Short text fragments from websites

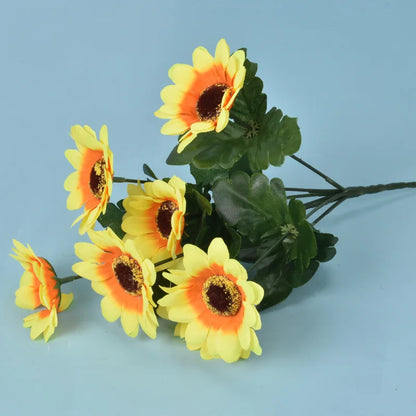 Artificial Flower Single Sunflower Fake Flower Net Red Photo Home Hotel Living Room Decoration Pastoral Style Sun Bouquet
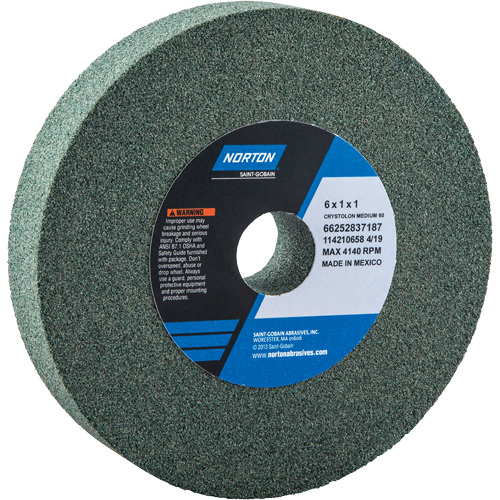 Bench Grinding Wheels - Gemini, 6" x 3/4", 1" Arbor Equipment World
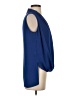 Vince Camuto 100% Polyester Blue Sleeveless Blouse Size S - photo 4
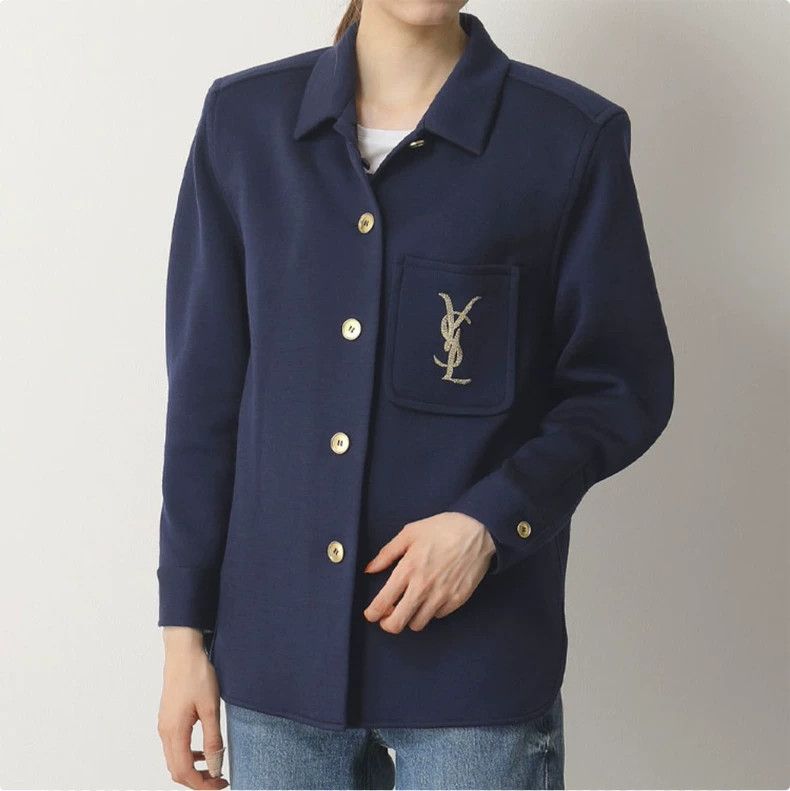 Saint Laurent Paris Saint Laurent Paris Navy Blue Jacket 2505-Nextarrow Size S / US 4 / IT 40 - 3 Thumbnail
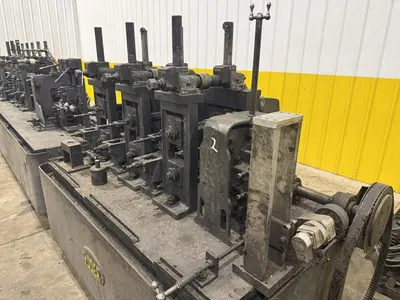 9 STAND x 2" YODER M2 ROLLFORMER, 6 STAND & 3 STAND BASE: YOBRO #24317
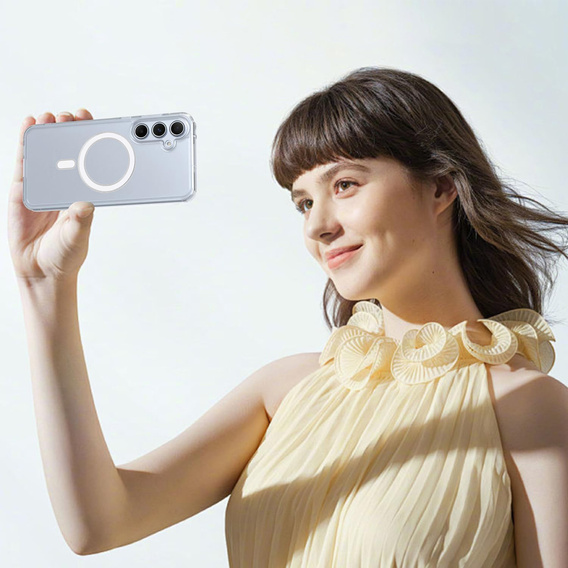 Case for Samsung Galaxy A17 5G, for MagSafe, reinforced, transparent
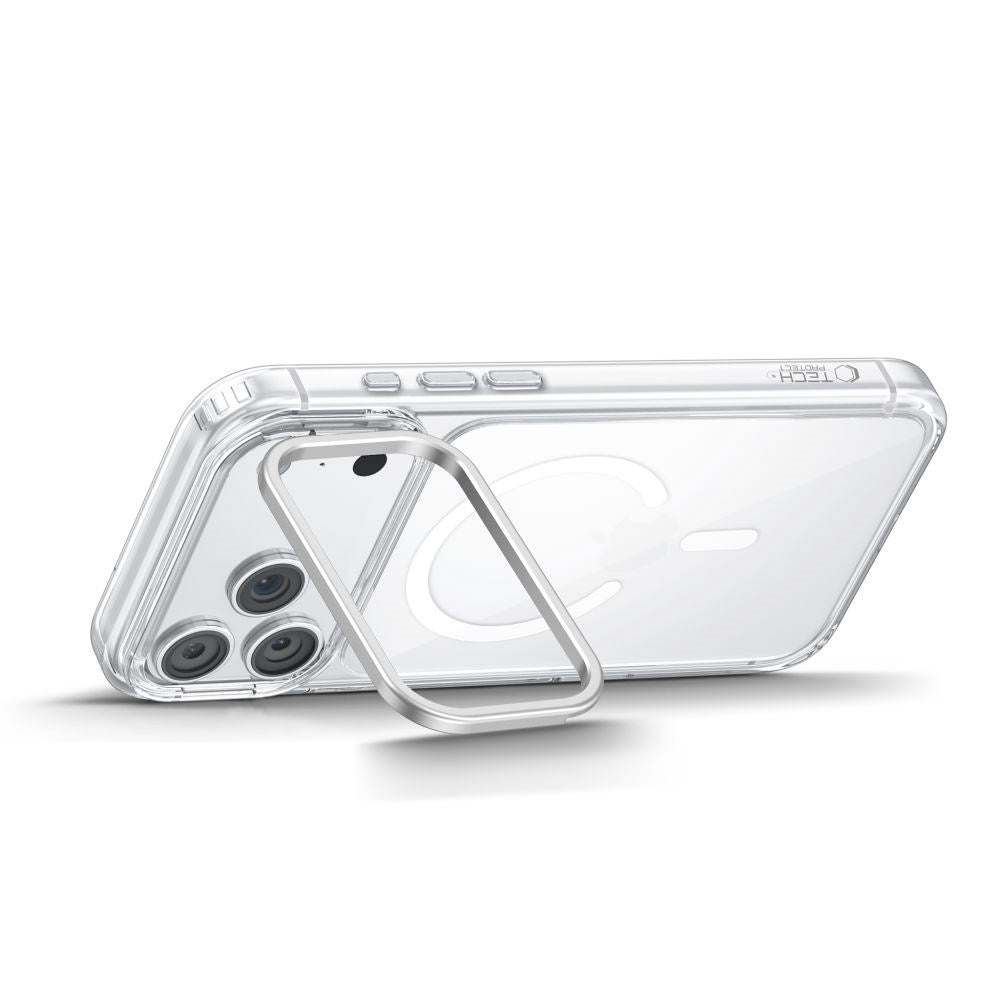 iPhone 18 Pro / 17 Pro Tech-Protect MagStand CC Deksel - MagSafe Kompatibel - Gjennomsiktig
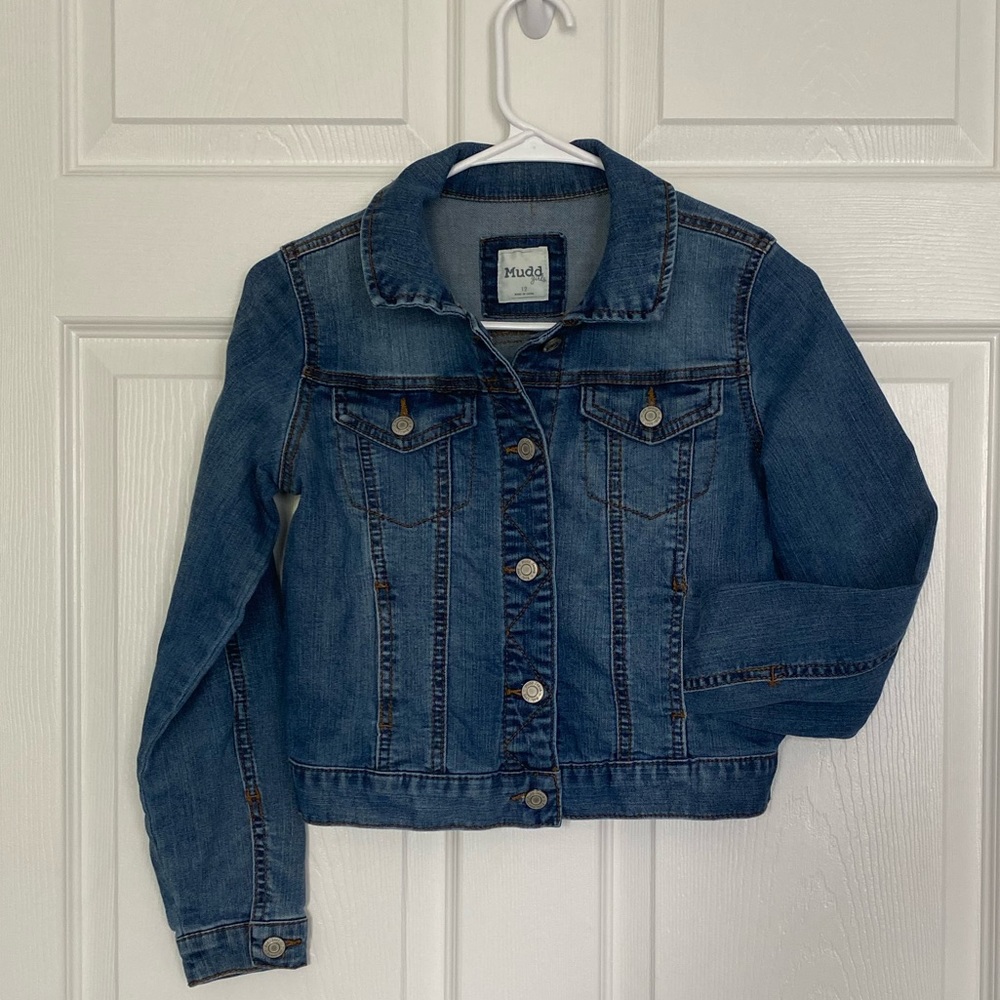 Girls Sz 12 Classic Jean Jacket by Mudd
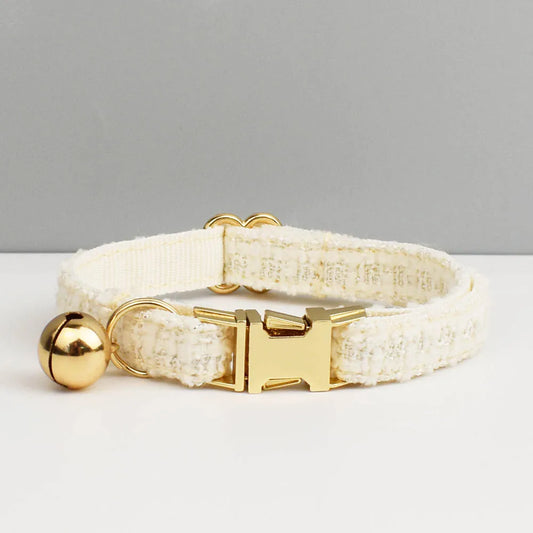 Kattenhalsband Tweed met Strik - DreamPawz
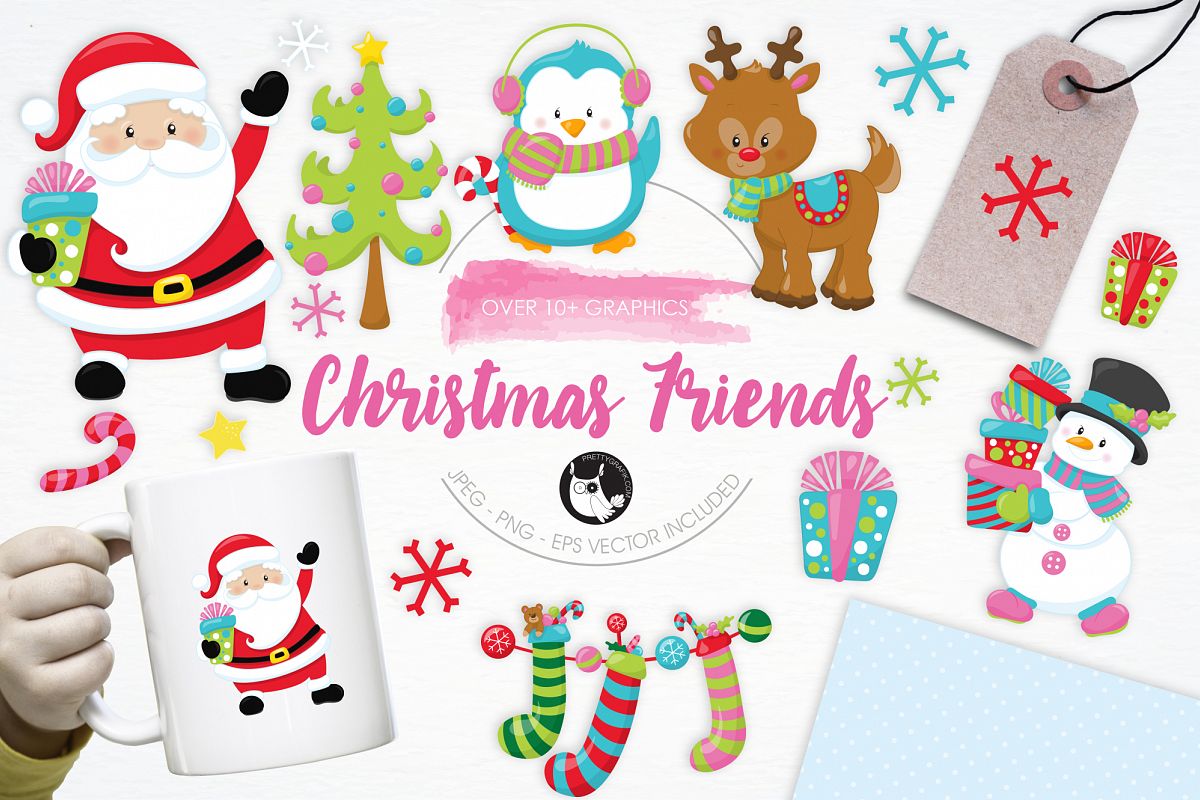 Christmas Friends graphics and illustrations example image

Your assignment —
Would you copy out, exactly and with no pictures, only the lines above from the one that contains "Bench Grinding Wheels" through the one that contains "Case for Samsung"?

Written answer —
 Bench Grinding Wheels - Gemini, 6" x 3/4", 1" Arbor Equipment World
 Vince Camuto 100% Polyester Blue Sleeveless Blouse Size S - photo 4
 Saint Laurent Paris Saint Laurent Paris Navy Blue Jacket 2505-Nextarrow Size S / US 4 / IT 40 - 3 Thumbnail
 9 STAND x 2" YODER M2 ROLLFORMER, 6 STAND & 3 STAND BASE: YOBRO #24317
 Case for Samsung Galaxy A17 5G, for MagSafe, reinforced, transparent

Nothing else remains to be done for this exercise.